I agree with you Wayne at this point in the game its all about just enjoy playing so most of the stuff I learn is fairly simple mainly because of age and commitments also ,alot of the guys in this forum are naturally gifted musicians and alot of the harder stuff is easier for them to pickup,I envy you young guys with time play your ass's off


----------



## 7stringninja (Jan 12, 2006)

John Petrucci has been the single most inspirational guitar player, to me personally, that I have yet to hear.

Everytime I see him play, whether it be on Rock Discipline, live, or on a live DVD; the form and grace that this man exhibits, shows me what a human is capable of.

Obviously, no one person can be the "Best Guitarist in the World". It's all a matter of opinion. But I can say this, each and ever album and song that Dream Theater (or any of JP's other various recordings) has ever released, has each served in its own way as a bit of inspiration to myself.

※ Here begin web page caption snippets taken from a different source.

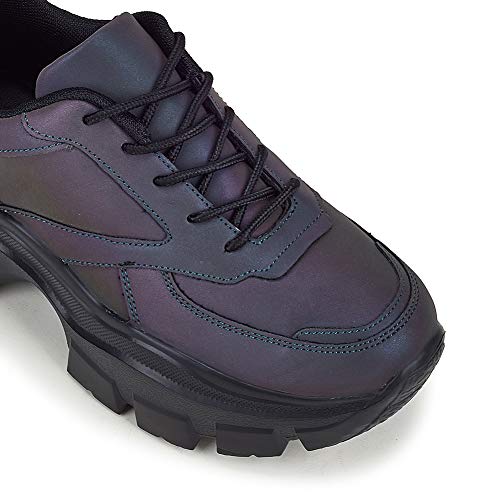 Niluber Women's Chunky Platform Sneakers Hologram Black White Silver Lace-Up Casual Fashion Walking Sport Rave Shoes4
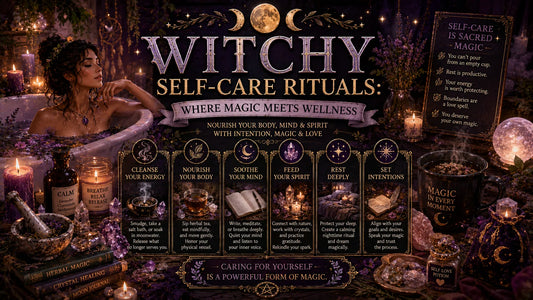 Woman practicing witchy self-care rituals in a magical candlelit bath with crystals and herbal wellness items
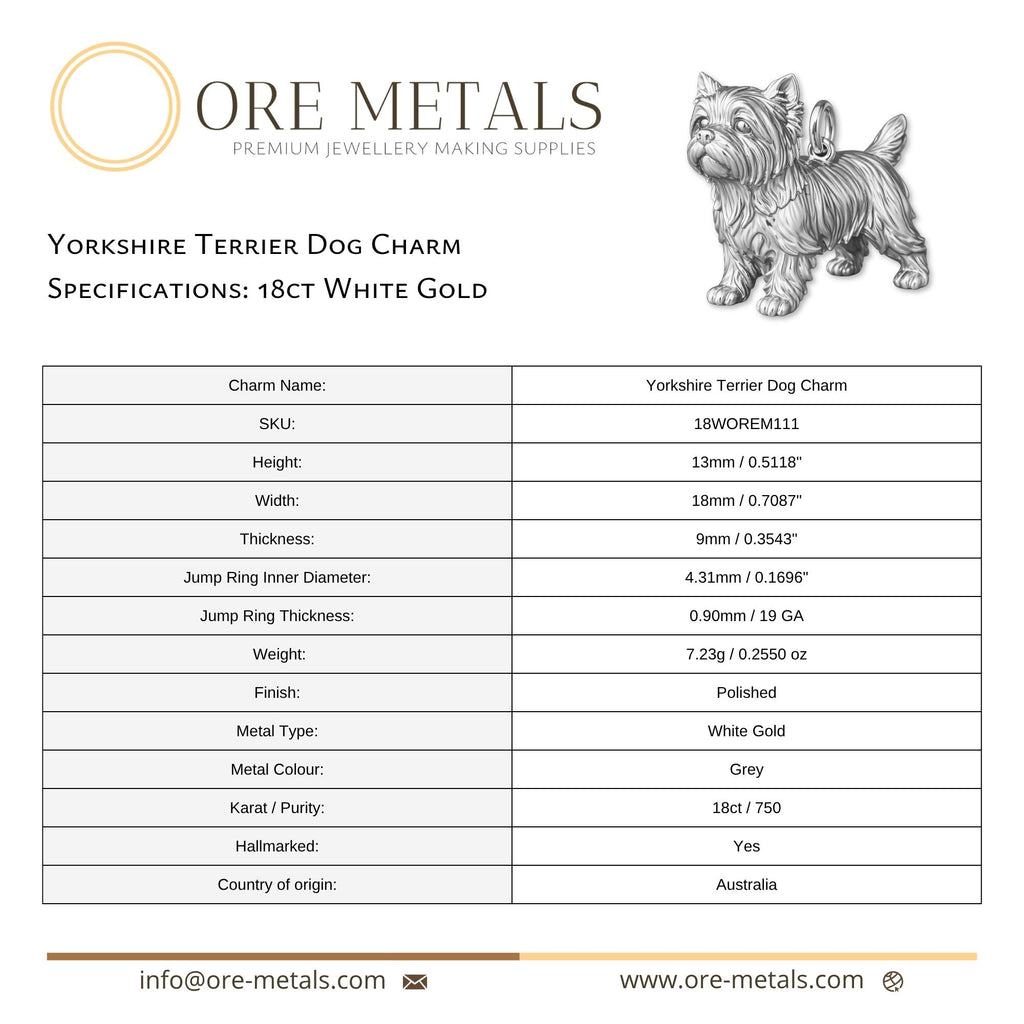 18ct White Gold - Yorkshire Terrier Dog Charm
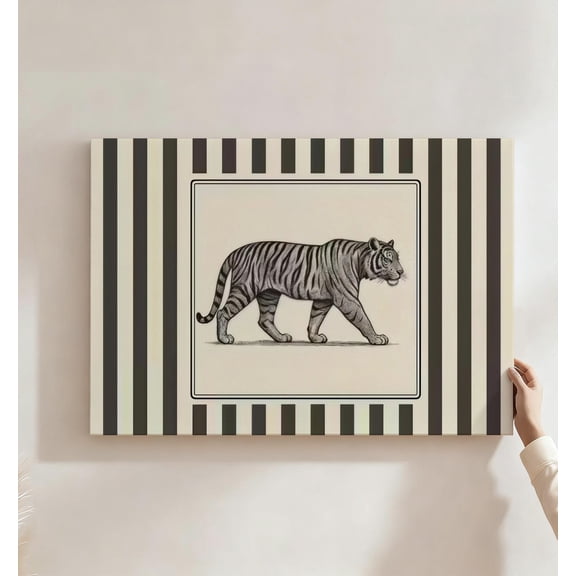 Striped Tiger Sketch Canvas Wall Art, Vintage Wildlife Decor, Black And White Line Artwork For Living Room, Home Office, Modern Man Cave, Ready To Hang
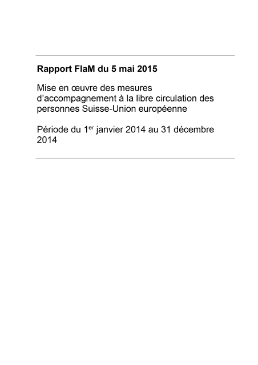 Rapport FlaM du 5 mai 2015 - Mise en oeuvre des mesures d’accompagnement à la libre circulation des personnes Suisse-Union européenne, Période du 1er janvier 2014 au 31 déce-1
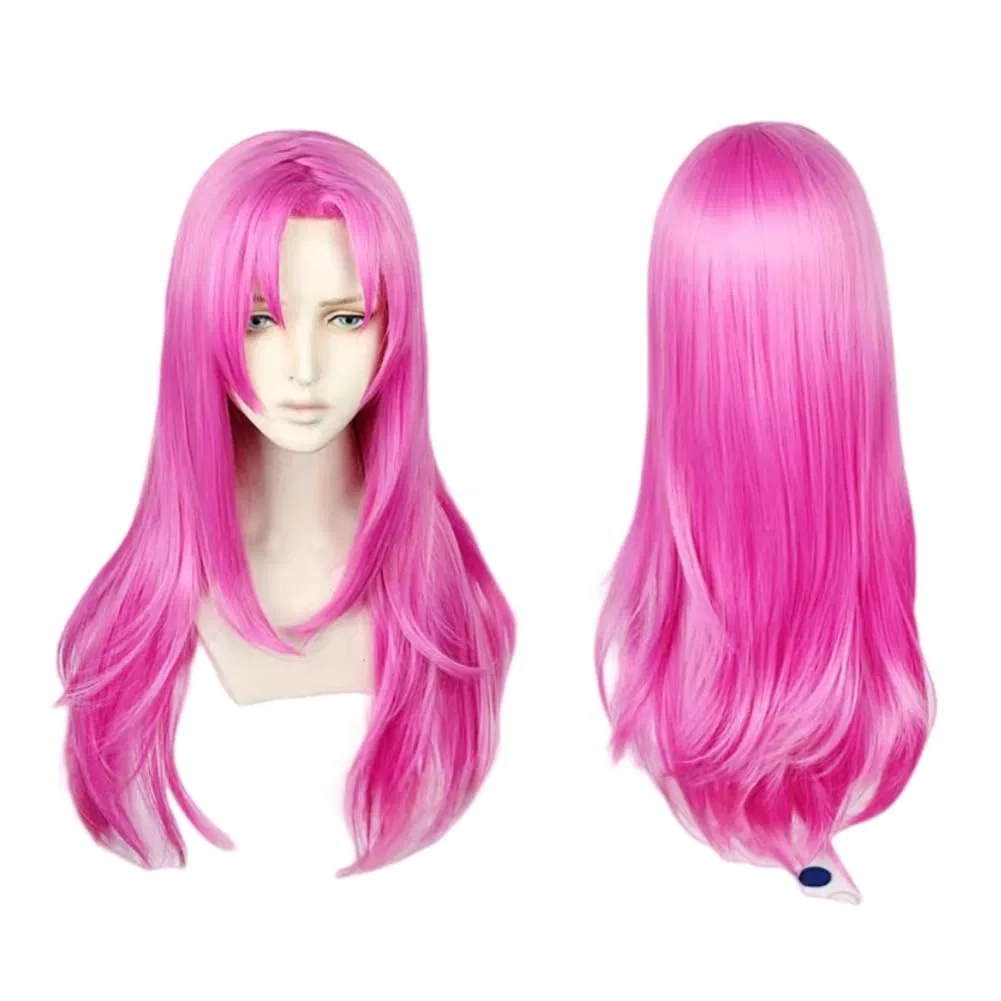 Косплей-парик Anime Golden Wind Diavolo розово-красный 80 см длинный термостойкий Xingbiyou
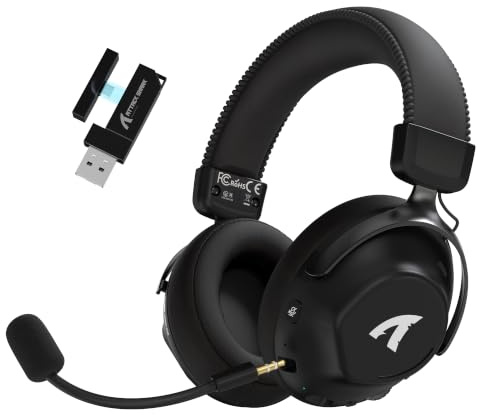 ATTACK SHARK L50PRO 3-Mode 53mm Kabelloses 7.1 Gaming-Headset, AI Mic | 53mm Bio-Treiber, 7.1 Surround, 2.4G/BT5.3/Kabel für PC/PS/Switch, 64H Spielzeit, leichter Metallrahmen, 360° Mic, Black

I daily go through my DT tab collection and pick out sections and passages to work on certain elements of my playing. For example - The heavy intro on "Panic Attack" is a fairly straight forward rhythm, but if you use alternate picking (I think that's the only way possible), when the riff repeats, you will find your pick to be "inbetween the strings" when you switch from the 7th to the 6th string (or 6th to 5th as heard on the recording - Ernie Ball Silhoutte Bariton).

And if Rock Discipline only taught me one thing (it's taught MANY MORE) it taught me the importance of the metronome. I rarely play without one.


----------



## chris9 (Jan 13, 2006)

i thinks its one of the best dvd,s ever thats where i learnt how to pick every note using the 1 note per string technique the guys is great.
i still think it is the hardest thing to do its way harder than sweeping and he has it nailed.


----------



## distressed_romeo (Jan 13, 2006)

Yeah, ONPS alternate picking's a bit of a lost art these days...I've been working at it a lot recently and it's really made me think about the mechanics of alternate picking.
Rock Discipline is indeed awesome...I've also gotten a lot out of the warm-ups and approach to practicing there. JP's the kind of guy who really suits the instructional video format as he's a really experienced, articulate teacher, unlike some famous guitarists...anyone seen Allan Holdsworth's not-very-instructional-at-all video?


----------



## chris9 (Jan 13, 2006)

distressed_romeo said:


> Yeah, ONPS alternate picking's a bit of a lost art these days...I've been working at it a lot recently and it's really made me think about the mechanics of alternate picking.
> Rock Discipline is indeed awesome...I've also gotten a lot out of the warm-ups and approach to practicing there. JP's the kind of guy who really suits the instructional video format as he's a really experienced, articulate teacher, unlike some famous guitarists...anyone seen Allan Holdsworth's not-very-instructional-at-all video?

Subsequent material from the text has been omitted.